Web IDL: http://dev.w3.org/2006/webapi/WebIDL/#es-attributes



Summary

Currently DOM attributes are defined on DOM objects. JavaScript getters/setters are not exposed on DOM attributes, like this:


  div = document.createElement(“div”);

  div.hasOwnProperty(“id”);  // true
  div.__proto__.__proto__.hasOwnProperty(“id”);  // false
  Object.getOwnPropertyDescriptor(div, “id”);  // Object {value: "", writable: true, enumerable: true, configurable: true}
  Object.getOwnPropertyDescriptor(div.__proto__.__proto__, “id”);  // undefined

However, the current behavior is wrong per the Web IDL spec. Per the spec, we should move DOM attributes from DOM objects to JavaScript prototype chains and expose JavaScript getters/setters on DOM attributes. Specifically, we are planning to change the behavior as follows:

  div = document.createElement(“div”);
  div.hasOwnProperty(“id”);  // false
  div.__proto__.__proto__.hasOwnProperty(“id”);  // true
  Object.getOwnPropertyDescriptor(div, “id”);  // undefined
  Object.getOwnPropertyDescriptor(div.__proto__.__proto__, “id”);  // Object {get: function, set: function, enumerable: false, configurable: false}

See this design document for more details: https://docs.google.com/a/google.com/document/d/1yeHTCHhulVIlrKyx9_gCguAhLfcefVOa9uxxfW2LVG0/edit#



Motivation

The change is necessary for correctness, cross-browser compatibility, and moving the Web forward:


- The new behavior is conformant with the Web IDL spec.


- The new behavior is already implemented in IE and Firefox.


- The new behavior enables developers to hook DOM attribute getters/setters. This will improve hackability of DOM operations. It will enable developers to implement Polyfill and JavaScript libraries that override default DOM attribute behaviors. In particular, Polyfill implementation will become much easier and faster.


- The new behavior makes it easy to port Blink’s C++ implementation into JavaScript and reduce complexity of Blink. For example, we are planning to move editing implementation (e.g., execCommand) from C++ to JavaScript. With the new behavior, we just need to hook DOM attribute getters/setters and implement the logic all in JavaScript.


- The new behavior is necessary for custom elements in the Web Components, which we are planning to ship in M33. In custom elements, developers can define customized DOM elements that inherit from existing DOM elements. Here developers want to override DOM attribute behavior of existing DOM elements by hooking their JavaScript getters/setters.



Compatibility Risk

Low. IE and Firefox already implemented the new behavior more than one year ago. On the other hand, Safari has not yet implemented the new behavior.

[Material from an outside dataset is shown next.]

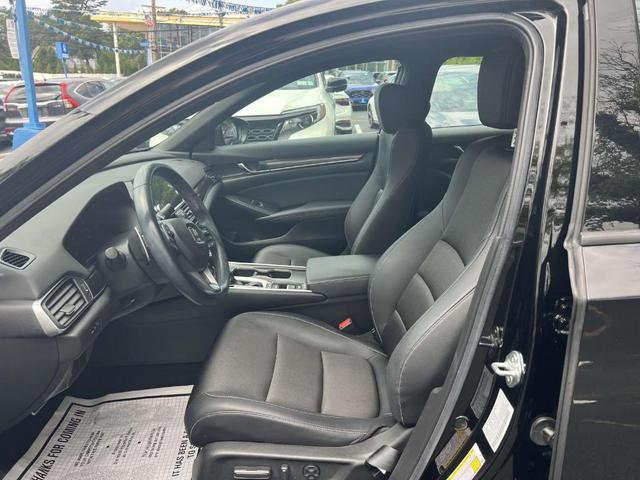 Photo of 2022 Crystal Black Pearl Honda Accord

Ongoing technical constraints

- Performance regression. This change will regress several micro benchmarks by 10% or so. We have been working on this project for two years and are concluding that it would be hard to decrease the regression any more without crankshafting binding callbacks to V8 (See https://docs.google.com/a/google.com/document/d/1yeHTCHhulVIlrKyx9_gCguAhLfcefVOa9uxxfW2LVG0/edit# for more details). However, implementing the crankshafting will take three more quarters. Thus, the question here is whether we should wait for the optimization and then make the change, or we should make the change and then do the optimization. If we should stick to the no regression policy, we should wait for the optimization. However, in this specific case, I'm thinking that the advantage of making this change now would be larger than the advantage of sticking to the no regression policy for micro benchmarks. Thus I propose to make the change even though it will regress performance of micro benchmarks. We will fix the regression in upcoming quarters. I'd like to hear thoughts of other Blink people about the performance trade-off.


- It is hard to implement this feature behind a runtime flag because of the performance overhead to check the runtime flag in DOM attribute access. So I'm planning to implement and ship the feature at the same time.


Will this feature be supported on all five Blink platforms (Windows, Mac, Linux, Chrome OS and Android)?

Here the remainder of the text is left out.